Malaria, for example, has become more widespread in the Amazon region, where deforestation creates areas of standing water thus forming breeding sites for the type of mosquitoes that plays a predominant role in the transmission of the deadly species of plasmodium, which causes malignant malaria in humans with high rates of complications and mortalities.

On the other hand, diseases such as bilharzia can be naturally fought by conserving the biodiversity of fresh-water snails. The presence of different snails in the area where parasite eggs are released from infected individuals can cause the miracidia, which is the small free-living larval stage of schistosomes (the type of flatworms that causes bilharzias) to enter the wrong snail and hence die without reproduction thus interrupting the cycle of the disease.

Furthermore, the World Health Organization (WHO) estimates that 80% of people in developing countries rely on traditional medicines derived mainly from nature for the treatment of a large number of common diseases. Just one example is the cone snail; beautiful but deadly because of its venomous toxins, it shows great promise as a source of new medically important substances such as ziconotide, which is a non-opioid and non-NSAID analgesic agent, that are used to relieve severe and chronic pains.

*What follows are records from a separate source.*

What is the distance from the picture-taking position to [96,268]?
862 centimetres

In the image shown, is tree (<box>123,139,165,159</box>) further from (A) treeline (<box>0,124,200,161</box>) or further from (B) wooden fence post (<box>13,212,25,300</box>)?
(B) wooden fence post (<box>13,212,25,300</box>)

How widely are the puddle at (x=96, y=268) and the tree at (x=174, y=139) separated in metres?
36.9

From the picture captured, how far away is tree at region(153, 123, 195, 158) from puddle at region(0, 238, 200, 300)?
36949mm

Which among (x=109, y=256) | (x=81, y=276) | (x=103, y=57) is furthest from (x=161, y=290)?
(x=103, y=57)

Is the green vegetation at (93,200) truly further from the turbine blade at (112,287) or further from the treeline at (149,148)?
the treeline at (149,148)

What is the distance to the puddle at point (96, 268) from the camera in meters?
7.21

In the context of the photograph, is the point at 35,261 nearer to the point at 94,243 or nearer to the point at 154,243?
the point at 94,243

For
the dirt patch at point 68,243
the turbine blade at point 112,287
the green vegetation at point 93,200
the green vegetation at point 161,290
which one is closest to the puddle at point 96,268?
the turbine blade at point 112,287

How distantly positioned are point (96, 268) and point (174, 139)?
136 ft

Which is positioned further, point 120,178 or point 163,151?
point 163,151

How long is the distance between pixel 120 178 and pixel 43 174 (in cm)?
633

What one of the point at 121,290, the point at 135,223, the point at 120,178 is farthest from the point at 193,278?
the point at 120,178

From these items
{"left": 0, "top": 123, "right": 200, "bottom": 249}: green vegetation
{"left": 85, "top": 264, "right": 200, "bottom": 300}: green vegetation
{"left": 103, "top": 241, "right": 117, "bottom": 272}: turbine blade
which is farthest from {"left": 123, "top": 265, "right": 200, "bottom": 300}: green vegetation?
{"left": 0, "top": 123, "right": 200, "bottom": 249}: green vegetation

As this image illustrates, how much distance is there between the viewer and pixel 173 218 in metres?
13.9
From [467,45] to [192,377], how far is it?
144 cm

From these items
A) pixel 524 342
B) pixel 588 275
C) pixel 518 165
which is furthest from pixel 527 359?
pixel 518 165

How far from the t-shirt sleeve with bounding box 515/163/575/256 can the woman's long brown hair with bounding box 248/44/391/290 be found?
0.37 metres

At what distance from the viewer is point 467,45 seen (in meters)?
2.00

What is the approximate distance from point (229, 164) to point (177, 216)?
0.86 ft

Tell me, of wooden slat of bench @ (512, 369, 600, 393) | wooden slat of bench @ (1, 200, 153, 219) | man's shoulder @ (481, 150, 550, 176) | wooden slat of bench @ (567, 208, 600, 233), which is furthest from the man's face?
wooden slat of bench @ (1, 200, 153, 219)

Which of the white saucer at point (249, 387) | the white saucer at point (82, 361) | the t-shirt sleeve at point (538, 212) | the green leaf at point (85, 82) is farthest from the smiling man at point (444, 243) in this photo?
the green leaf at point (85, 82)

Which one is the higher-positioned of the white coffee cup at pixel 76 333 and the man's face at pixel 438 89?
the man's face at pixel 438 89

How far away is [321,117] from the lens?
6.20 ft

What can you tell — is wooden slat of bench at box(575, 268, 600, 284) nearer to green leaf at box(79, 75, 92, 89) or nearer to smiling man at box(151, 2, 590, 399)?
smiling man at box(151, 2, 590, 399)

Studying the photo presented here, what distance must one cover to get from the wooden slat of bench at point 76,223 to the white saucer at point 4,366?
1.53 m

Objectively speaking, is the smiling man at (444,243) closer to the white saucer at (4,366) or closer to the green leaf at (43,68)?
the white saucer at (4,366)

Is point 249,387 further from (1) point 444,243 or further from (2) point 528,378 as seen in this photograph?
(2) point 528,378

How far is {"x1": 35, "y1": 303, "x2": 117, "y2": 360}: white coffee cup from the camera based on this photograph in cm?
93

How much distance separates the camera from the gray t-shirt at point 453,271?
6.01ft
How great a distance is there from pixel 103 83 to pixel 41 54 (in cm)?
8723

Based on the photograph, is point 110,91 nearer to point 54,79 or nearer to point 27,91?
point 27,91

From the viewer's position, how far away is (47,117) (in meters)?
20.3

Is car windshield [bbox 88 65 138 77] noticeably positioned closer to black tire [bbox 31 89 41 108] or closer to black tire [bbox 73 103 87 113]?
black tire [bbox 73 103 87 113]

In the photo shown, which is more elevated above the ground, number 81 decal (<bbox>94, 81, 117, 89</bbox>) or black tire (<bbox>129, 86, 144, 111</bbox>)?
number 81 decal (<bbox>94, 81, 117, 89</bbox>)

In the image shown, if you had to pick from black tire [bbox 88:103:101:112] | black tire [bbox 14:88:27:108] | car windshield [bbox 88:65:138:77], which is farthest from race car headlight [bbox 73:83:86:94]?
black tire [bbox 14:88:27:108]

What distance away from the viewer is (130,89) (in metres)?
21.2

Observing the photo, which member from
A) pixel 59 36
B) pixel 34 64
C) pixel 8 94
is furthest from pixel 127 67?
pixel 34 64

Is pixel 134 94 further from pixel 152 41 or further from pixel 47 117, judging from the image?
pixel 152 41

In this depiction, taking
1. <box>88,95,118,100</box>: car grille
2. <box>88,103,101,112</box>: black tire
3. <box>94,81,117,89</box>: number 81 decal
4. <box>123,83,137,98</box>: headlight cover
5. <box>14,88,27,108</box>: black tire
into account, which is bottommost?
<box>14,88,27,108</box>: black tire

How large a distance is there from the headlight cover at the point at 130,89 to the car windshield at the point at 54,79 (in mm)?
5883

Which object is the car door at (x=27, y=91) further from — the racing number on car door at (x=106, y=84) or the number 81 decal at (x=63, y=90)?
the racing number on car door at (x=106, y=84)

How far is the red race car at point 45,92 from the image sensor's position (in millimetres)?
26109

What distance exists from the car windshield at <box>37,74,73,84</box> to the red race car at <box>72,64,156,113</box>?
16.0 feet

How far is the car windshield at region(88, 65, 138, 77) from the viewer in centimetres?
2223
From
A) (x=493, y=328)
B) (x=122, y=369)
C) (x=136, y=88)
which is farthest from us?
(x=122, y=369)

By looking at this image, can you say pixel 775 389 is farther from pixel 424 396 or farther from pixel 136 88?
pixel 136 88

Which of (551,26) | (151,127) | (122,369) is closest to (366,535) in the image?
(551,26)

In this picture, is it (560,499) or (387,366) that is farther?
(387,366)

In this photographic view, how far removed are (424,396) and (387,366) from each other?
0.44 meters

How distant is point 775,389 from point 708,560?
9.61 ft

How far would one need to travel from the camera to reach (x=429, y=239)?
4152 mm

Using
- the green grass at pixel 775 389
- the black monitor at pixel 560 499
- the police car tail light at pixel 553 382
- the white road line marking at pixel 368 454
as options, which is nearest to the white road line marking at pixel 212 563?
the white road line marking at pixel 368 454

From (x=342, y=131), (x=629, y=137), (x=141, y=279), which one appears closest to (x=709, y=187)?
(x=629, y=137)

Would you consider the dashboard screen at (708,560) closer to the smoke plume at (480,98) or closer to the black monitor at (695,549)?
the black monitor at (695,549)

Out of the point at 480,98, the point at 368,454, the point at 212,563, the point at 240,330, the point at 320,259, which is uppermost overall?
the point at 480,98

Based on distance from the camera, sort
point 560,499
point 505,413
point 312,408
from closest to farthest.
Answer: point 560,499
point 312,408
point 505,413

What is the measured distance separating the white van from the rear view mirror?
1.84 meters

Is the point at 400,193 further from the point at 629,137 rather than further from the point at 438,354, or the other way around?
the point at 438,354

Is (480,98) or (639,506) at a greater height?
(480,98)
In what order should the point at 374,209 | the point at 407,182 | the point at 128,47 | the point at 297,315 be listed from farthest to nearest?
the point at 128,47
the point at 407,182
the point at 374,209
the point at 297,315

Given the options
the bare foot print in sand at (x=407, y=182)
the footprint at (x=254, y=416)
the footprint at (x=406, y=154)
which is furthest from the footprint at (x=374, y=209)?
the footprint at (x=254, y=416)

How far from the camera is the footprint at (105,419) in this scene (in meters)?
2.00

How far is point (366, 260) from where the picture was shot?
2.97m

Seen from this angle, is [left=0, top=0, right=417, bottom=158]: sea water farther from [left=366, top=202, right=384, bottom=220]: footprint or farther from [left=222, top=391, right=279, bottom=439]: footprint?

Dr. Aaron Bernstein, Harvard Medical School and the Center for Health and Global Environment, explains: “Cone snails, which have 700 species, may represent the greatest treasure trove of potential medicines of all organisms on Earth, but because they live on or near coral reefs, they are in danger”. They are in danger because the coral reefs are greatly damaged by various human practices such as overexploitation, dynamite fishing and climate change threats.

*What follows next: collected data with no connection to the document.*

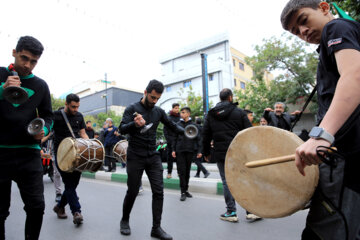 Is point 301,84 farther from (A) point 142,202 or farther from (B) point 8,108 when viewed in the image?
(B) point 8,108

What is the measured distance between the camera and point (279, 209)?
147 centimetres

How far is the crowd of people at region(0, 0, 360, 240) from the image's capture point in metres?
1.15

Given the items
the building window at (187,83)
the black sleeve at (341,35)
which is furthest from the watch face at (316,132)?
the building window at (187,83)

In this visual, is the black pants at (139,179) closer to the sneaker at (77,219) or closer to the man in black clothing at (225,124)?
the sneaker at (77,219)

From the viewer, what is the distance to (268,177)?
1511mm

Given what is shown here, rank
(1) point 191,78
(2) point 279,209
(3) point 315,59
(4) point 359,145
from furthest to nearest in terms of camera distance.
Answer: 1. (1) point 191,78
2. (3) point 315,59
3. (2) point 279,209
4. (4) point 359,145

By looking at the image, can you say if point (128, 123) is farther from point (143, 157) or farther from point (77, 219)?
A: point (77, 219)

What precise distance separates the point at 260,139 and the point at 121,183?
23.9 feet

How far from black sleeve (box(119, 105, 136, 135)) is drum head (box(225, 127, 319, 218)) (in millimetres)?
1957

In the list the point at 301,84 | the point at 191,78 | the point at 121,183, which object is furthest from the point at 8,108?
the point at 191,78

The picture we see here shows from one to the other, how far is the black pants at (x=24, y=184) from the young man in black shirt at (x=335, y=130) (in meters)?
2.22

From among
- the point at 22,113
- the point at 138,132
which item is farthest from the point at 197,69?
the point at 22,113

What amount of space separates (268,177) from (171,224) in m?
2.80

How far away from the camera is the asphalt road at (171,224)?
343 centimetres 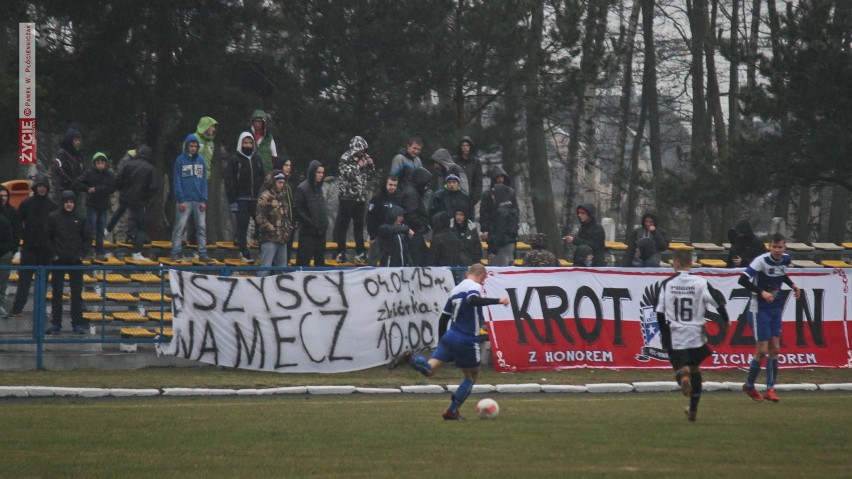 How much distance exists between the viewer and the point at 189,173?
23.5 meters

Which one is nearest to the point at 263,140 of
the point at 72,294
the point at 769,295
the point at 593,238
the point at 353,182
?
the point at 353,182

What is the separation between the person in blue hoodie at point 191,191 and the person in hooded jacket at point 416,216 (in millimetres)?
3599

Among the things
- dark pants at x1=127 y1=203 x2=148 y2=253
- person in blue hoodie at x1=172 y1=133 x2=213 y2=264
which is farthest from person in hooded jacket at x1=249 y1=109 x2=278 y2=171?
dark pants at x1=127 y1=203 x2=148 y2=253

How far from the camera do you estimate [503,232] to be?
2248 cm

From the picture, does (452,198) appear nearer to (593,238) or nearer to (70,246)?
(593,238)

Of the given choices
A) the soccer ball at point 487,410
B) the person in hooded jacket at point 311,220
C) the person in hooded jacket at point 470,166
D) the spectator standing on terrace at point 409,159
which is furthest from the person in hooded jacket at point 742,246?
the soccer ball at point 487,410

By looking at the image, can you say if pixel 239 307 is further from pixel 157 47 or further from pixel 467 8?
pixel 467 8

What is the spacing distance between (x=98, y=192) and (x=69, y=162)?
3.71 feet

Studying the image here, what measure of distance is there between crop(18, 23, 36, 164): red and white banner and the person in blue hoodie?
5.11 metres

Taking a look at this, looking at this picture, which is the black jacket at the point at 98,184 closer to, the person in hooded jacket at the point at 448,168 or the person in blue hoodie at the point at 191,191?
the person in blue hoodie at the point at 191,191

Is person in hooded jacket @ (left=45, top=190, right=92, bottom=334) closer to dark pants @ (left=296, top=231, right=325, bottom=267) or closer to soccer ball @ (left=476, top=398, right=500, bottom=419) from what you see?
dark pants @ (left=296, top=231, right=325, bottom=267)

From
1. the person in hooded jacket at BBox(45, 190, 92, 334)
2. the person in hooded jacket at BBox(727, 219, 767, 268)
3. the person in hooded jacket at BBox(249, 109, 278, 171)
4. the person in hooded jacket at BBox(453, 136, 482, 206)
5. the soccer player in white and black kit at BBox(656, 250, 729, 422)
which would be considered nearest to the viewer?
the soccer player in white and black kit at BBox(656, 250, 729, 422)

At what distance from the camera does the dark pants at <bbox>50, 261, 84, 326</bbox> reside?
19797mm

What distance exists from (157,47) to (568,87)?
966 centimetres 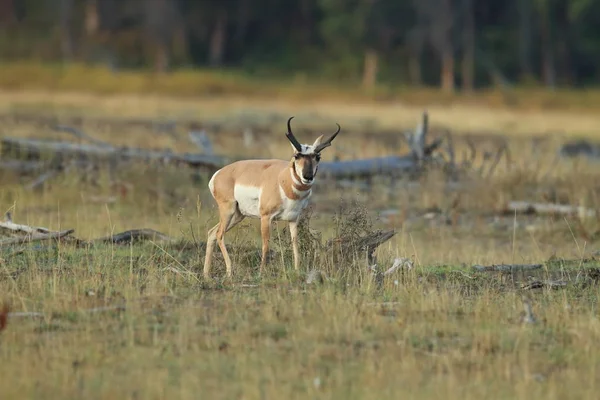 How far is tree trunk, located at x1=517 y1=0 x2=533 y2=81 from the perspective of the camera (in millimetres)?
57469

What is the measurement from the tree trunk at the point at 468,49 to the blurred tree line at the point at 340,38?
0.07 metres

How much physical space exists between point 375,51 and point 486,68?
19.0 ft

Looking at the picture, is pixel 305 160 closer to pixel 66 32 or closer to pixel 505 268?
pixel 505 268

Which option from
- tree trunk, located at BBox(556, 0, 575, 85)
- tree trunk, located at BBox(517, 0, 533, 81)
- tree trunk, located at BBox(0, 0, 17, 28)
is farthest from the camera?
tree trunk, located at BBox(0, 0, 17, 28)

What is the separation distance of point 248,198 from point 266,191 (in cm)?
28

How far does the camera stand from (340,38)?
5953cm

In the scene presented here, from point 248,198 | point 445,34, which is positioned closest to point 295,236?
point 248,198

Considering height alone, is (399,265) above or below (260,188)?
below

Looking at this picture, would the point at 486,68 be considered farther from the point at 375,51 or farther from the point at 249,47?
the point at 249,47

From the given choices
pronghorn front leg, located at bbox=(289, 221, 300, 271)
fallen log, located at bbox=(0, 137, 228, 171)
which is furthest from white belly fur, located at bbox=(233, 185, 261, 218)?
fallen log, located at bbox=(0, 137, 228, 171)

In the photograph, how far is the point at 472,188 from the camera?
19.1 meters

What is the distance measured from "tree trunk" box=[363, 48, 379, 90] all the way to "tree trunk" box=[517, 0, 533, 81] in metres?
7.31

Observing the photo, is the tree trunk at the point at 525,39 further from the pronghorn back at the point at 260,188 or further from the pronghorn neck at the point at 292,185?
the pronghorn neck at the point at 292,185

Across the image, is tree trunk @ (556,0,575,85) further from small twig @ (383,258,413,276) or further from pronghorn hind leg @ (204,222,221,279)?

Not only that, human mental and psychological health is also greatly affected by biodiversity. Seeing nature or being outside lowers stress levels, calms heart rates, and diminishes road rage. In the presence of natural light, workers are happier and more productive and students do better on tests. More surprisingly, a new study from the University of Sheffield contributes an unexpected detail to this research; the extent of psychological benefits people gain from walking in a park correlates directly to the extent of biodiversity in that park!

It is critical for us as humans to realize the impact we have on biodiversity and that at the same time there would be no human existence without it. If no changes are made in the ways we use resources on Earth, biodiversity loss will continue until human lives can no longer be sustained. It is only through proper education and solidarity of nations in taking the proper actions towards the preservation of biodiversity, that the human race will be able to sustain life on Earth.